Segment Start: Provided material

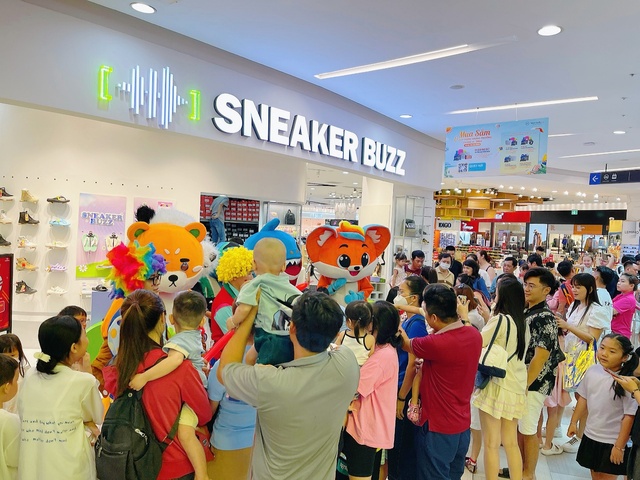 Sân chơi mùa hè sôi động đón Đại lễ và mùa mới tại Vạn Hạnh Mall - Ảnh 1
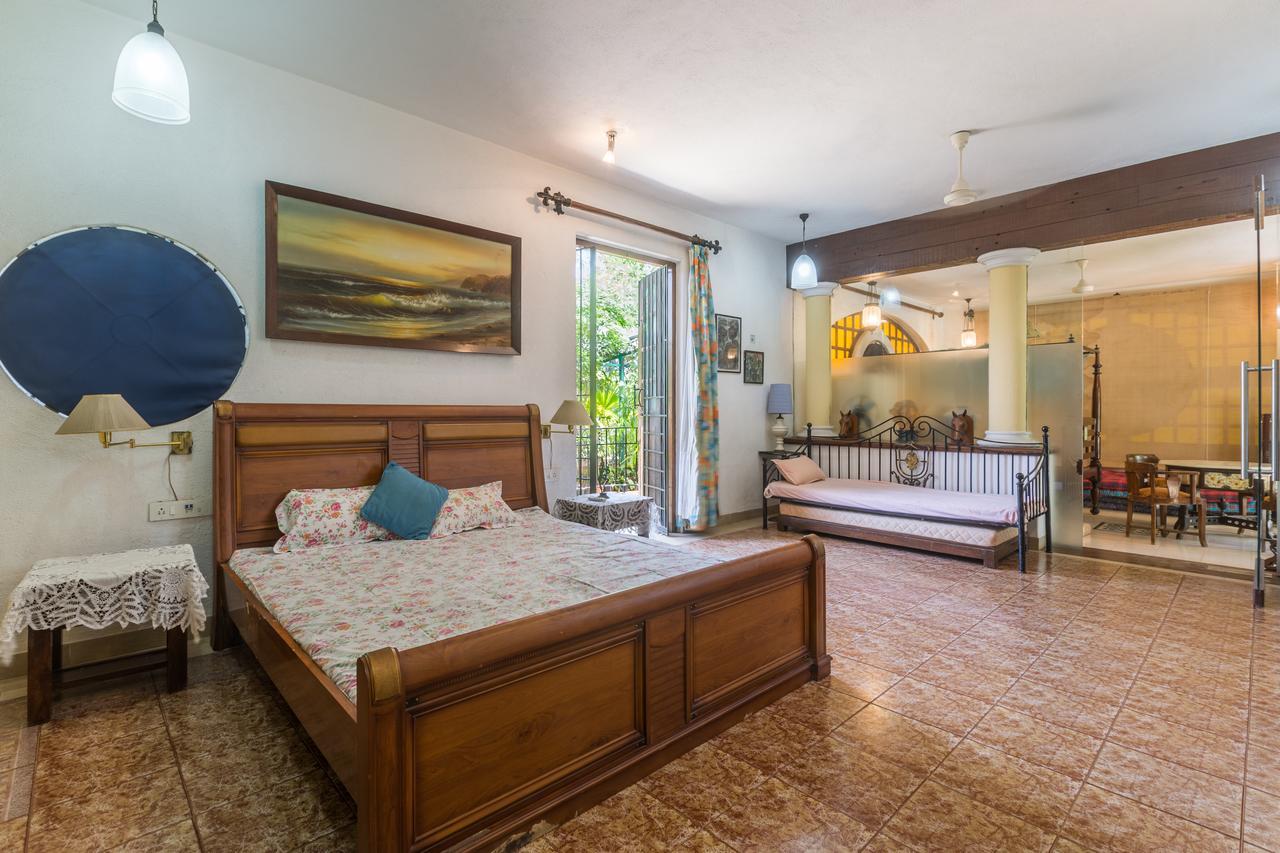 Bella Vista By Stayvista - A Haven With Lush Green Surroundings, Zen Garden, Quirky Decor & A Inviting Swimming Pool Lonavala Kültér fotó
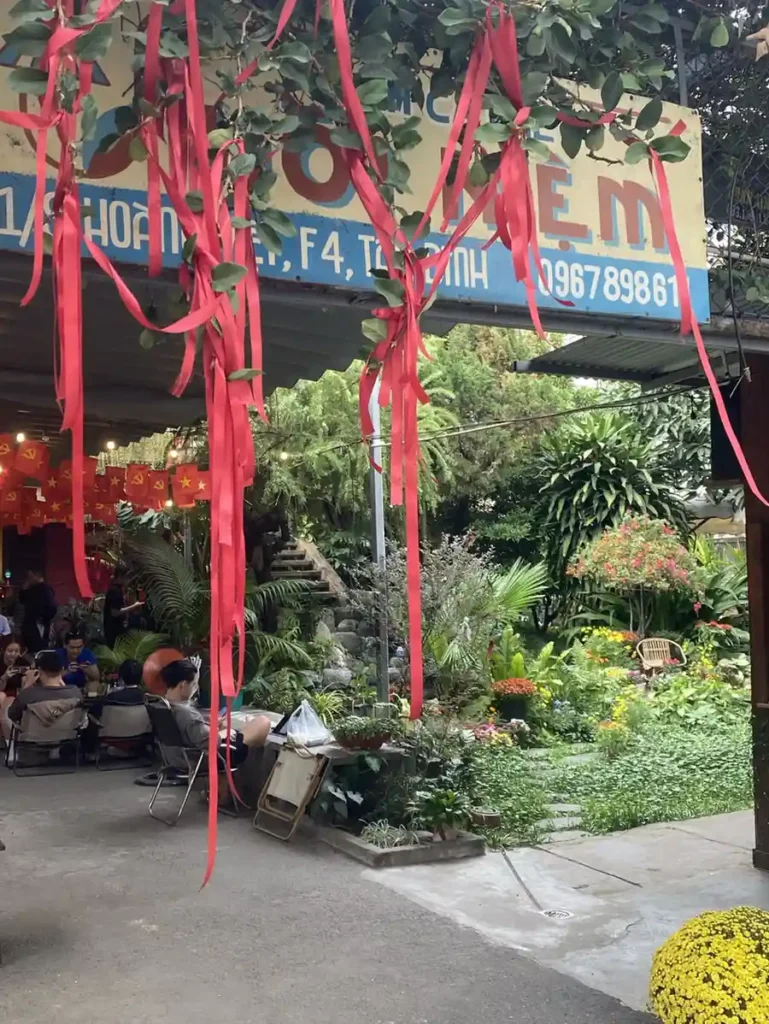 Tiem Cafe Hoi Niem Hoang Viet Tan Binh TPHCM 10 769x1024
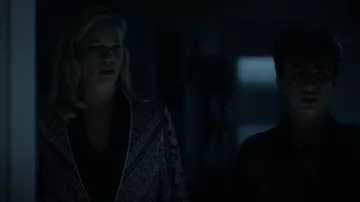 Alice + Olivia Lincoln Blazer porté par Barbara Whitmore (Amy Smart) vu dans Stargirl de DC (S03E07)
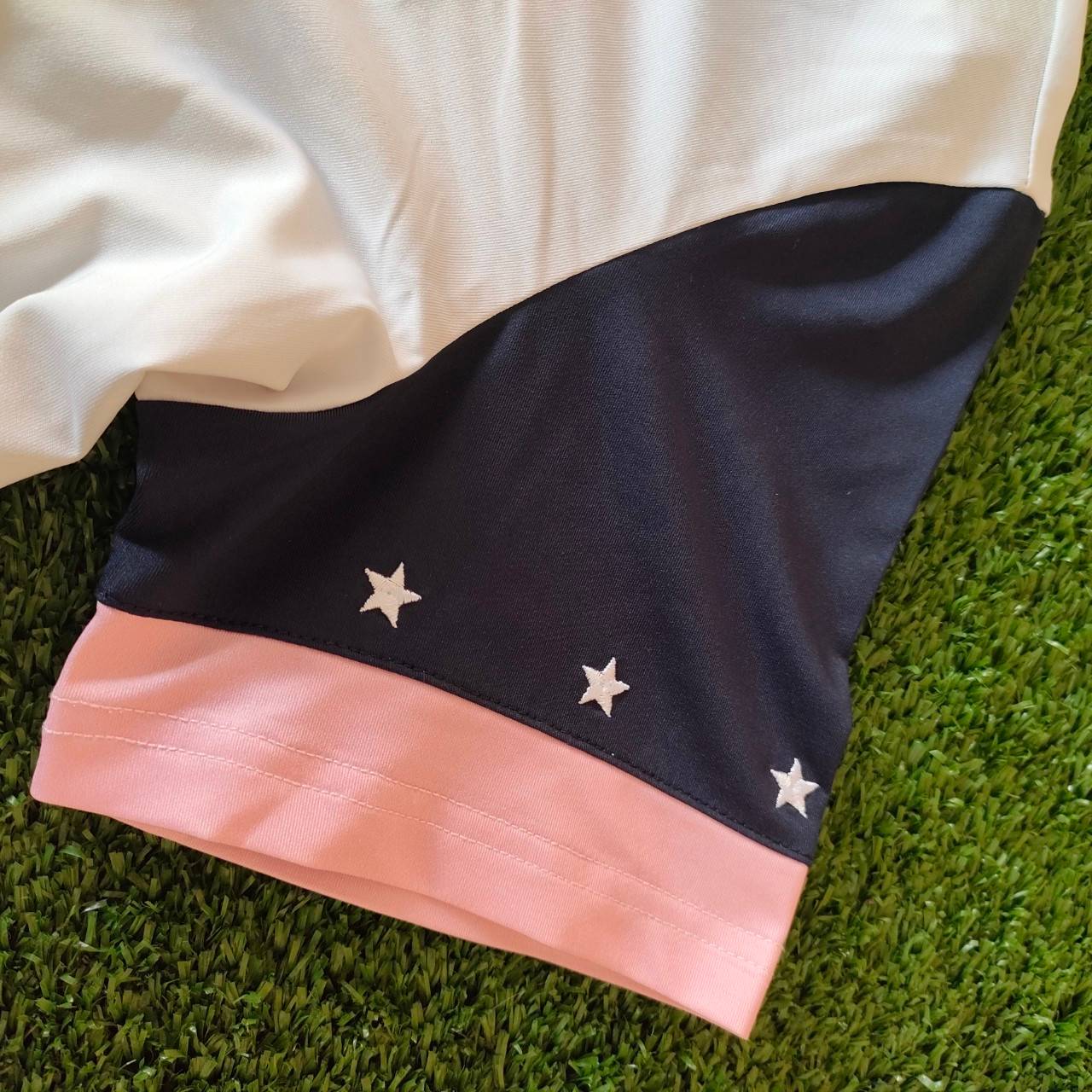 เสื้อนักกอล์ฟเด็กผู้หญิง PGM-YF194 ไชส์ 2XL อกขนาด 32 นิ้ว สำหรับนักกีฬากอล์ฟโดยเฉพาะไม่ติดขัดวงสวิงอย่างแน่นอน!! มือสอง ของแท้ BY NakaraLuxurious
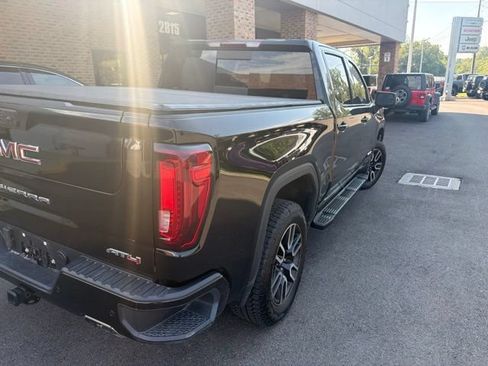 Used 2024 GMC Sierra 1500 AT4 w/ AT4 Preferred Package AWD/4WD image 8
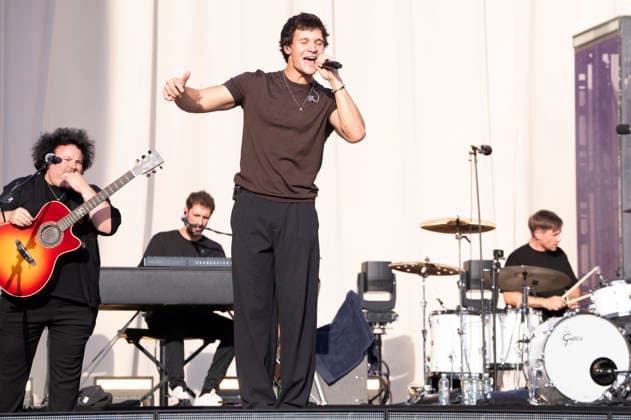 Wincent Weiss live auf dem Musikfestival Moon&Stars 2026 auf der Piazza Grande. Locarno, 19.07.2026 *** Wincent Weiss live at the Moon Stars 2026 Music Festival on Piazza Grande in Locarno, July 19, 2026 Foto:xA.xRaemyx xFuturexImagex weiss_6703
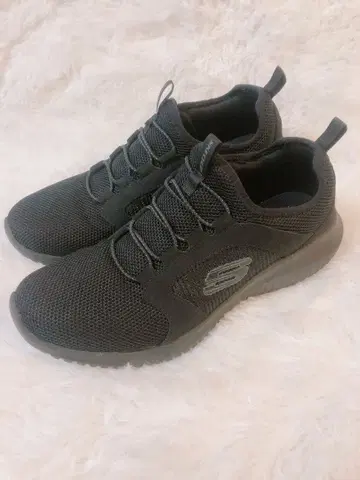 스케쳐스 메모리폼 블랙 28.0cm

Segment End: Provided material

What you should do: Return only what lies between the line containing "Tiem Cafe Hoi" and the last line of the listing, those two lines included, exactly as written and with no pictures.

Expected answer:
 Tiem Cafe Hoi Niem Hoang Viet Tan Binh TPHCM 10 769x1024
 Alice + Olivia Lincoln Blazer porté par Barbara Whitmore (Amy Smart) vu dans Stargirl de DC (S03E07)
 เสื้อนักกอล์ฟเด็กผู้หญิง PGM-YF194 ไชส์ 2XL อกขนาด 32 นิ้ว สำหรับนักกีฬากอล์ฟโดยเฉพาะไม่ติดขัดวงสวิงอย่างแน่นอน!! มือสอง ของแท้ BY NakaraLuxurious
 Used 2024 GMC Sierra 1500 AT4 w/ AT4 Preferred Package AWD/4WD image 8
 Wincent Weiss live auf dem Musikfestival Moon&Stars 2026 auf der Piazza Grande. Locarno, 19.07.2026 *** Wincent Weiss live at the Moon Stars 2026 Music Festival on Piazza Grande in Locarno, July 19, 2026 Foto:xA.xRaemyx xFuturexImagex weiss_6703
 스케쳐스 메모리폼 블랙 28.0cm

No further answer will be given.